The restaurant business is a tough industry. It takes a lot of work and long hours to withstand the competition. However, a franchise has a proven system, generates profits, and is a successful business. If you prefer to become a franchise owner, then you should contact a restaurant franchise lawyer.
The Initial Investment
It helps to talk to a restaurant franchise lawyer in the beginning stages. Your lawyer can talk about the fees and the different types of franchises. The initial franchise fee is paid to the franchisor for the rights to operate under their trademark.

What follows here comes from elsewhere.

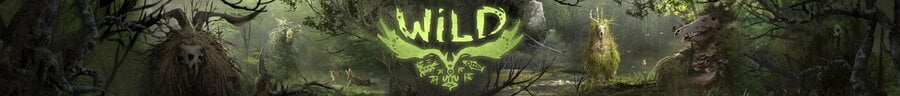 WiLD PS4 PlayStation 4 1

This fee can vary depending on the company. The initial franchise fee for Chick-fil-A is $10,000. You should keep in mind that franchise fees are nonrefundable.
Startup Fees
You have to pay startup fees to get your restaurant up and running. The startup fee includes obtaining a location that meets your franchisor’s requirements. It also includes equipment, permits, and the purchase of licenses.
Royalty Fees
The royalty fee is an ongoing payment that you pay to the franchisor out of your revenues to remain affiliated with the brand. It guarantees that you continue to receive services and support. The royalty fee can be from 4 percent to 6 percent of your monthly earnings.
It is an exciting time to open a restaurant. This business move allows you to create jobs and add to your local community. A restaurant franchise is a good start for entrepreneurship because the roadmap is already laid out.